Opinion
No. 26,673.
May 18, 1928.
Finding sustained that defendant became stockholder in co-operative corporation.
1. The evidence sustains the finding that defendant had become a stockholder in the co-operative domestic corporation of which plaintiff is receiver.
Constitutional liability of stock cannot be lessened by act of legislature or otherwise.
2. The provision in G. S. 1923, § 7836, for forfeiting and retiring the stock of an offending stockholder does not free him from the double liability imposed by Const. art. 10, § 3.
Defendant appealed from a judgment of the district court for Douglas county, Nye, J. entered in favor of plaintiff as receiver of the Four County Farmers Mill Co-operative Association. Affirmed.

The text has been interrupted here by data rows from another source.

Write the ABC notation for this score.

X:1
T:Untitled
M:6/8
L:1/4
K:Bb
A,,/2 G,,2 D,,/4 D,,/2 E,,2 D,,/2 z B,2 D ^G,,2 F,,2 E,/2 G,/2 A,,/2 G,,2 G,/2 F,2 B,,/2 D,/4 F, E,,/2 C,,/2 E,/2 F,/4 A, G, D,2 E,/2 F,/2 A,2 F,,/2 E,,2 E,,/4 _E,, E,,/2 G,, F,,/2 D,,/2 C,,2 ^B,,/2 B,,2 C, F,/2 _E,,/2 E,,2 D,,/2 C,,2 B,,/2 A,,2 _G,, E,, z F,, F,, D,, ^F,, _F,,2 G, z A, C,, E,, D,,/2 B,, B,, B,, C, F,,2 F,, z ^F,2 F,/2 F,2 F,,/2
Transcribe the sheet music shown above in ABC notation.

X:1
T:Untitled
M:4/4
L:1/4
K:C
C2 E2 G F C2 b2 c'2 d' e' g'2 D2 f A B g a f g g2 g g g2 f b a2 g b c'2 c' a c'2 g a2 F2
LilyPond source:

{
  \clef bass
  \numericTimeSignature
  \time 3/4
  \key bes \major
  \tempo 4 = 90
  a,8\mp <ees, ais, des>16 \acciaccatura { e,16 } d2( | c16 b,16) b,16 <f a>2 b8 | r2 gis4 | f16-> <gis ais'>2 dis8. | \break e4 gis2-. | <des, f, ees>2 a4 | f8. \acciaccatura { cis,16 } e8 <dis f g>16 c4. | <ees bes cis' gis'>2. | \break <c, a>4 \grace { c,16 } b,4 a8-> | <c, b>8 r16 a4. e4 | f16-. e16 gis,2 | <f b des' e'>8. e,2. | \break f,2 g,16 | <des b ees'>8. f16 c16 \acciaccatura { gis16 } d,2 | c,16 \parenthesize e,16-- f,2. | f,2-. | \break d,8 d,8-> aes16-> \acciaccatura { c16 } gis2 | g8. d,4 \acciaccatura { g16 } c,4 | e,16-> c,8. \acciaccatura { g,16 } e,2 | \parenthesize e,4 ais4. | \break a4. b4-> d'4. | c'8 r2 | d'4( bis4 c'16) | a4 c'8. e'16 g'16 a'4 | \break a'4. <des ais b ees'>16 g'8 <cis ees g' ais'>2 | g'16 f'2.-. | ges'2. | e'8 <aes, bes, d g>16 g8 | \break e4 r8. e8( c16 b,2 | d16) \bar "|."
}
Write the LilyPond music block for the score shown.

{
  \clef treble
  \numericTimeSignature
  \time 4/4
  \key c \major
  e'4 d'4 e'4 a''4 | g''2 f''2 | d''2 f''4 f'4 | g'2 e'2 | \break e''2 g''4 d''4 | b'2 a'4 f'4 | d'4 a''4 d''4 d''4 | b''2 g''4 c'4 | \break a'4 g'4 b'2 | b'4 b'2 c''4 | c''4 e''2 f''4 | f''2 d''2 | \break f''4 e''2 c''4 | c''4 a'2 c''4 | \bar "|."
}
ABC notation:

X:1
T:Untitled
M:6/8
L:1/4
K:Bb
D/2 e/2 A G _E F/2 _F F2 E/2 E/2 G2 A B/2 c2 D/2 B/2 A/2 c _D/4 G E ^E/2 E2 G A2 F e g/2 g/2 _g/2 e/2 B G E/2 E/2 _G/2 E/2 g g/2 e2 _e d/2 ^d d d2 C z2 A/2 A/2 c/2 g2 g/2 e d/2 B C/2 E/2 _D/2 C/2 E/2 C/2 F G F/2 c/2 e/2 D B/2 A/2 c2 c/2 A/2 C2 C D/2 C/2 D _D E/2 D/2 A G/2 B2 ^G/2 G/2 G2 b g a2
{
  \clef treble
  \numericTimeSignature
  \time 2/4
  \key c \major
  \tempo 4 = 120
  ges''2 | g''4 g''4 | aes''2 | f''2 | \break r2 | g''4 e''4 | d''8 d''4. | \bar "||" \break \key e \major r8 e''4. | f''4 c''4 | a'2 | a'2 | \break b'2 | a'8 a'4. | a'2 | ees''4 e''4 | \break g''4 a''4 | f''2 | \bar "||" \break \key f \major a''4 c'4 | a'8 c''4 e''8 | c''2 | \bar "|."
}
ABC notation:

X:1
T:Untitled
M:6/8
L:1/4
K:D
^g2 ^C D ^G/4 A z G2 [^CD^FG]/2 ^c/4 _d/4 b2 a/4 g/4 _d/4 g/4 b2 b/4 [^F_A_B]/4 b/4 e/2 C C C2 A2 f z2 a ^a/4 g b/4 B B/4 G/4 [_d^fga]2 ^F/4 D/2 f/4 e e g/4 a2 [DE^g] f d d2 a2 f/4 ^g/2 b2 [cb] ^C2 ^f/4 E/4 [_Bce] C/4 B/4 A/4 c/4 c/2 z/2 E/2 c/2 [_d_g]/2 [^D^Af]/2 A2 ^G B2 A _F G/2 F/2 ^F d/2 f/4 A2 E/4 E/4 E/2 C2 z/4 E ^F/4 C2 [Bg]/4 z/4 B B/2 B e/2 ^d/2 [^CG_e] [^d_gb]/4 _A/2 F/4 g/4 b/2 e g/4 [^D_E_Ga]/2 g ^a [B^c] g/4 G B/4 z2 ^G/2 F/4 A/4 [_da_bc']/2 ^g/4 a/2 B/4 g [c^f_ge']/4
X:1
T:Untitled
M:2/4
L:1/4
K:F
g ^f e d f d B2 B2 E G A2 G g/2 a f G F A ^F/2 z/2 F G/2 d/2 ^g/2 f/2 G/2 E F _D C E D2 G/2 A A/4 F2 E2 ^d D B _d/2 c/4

Leach Swore, for appellant.
Grimes Maxwell, for respondent.
Appeal from a judgment rendered against defendant in an action by the receiver of a domestic co-operative corporation to enforce the stockholders' so-called double liability.
The one defense, that defendant never was a stockholder in the corporation, is based upon the same facts and circumstances which in Zander v. Schuneman, 170 Minn. 353, 212 N.W. 587, failed. Here, as there, the defendant executed the articles of incorporation wherein he was designated a director. Defendant testified that he signed the articles upon the same misrepresentations made by the president of the corporation to Schuneman. If anything, the proof that this defendant was a stockholder was stronger than it was as to Schuneman.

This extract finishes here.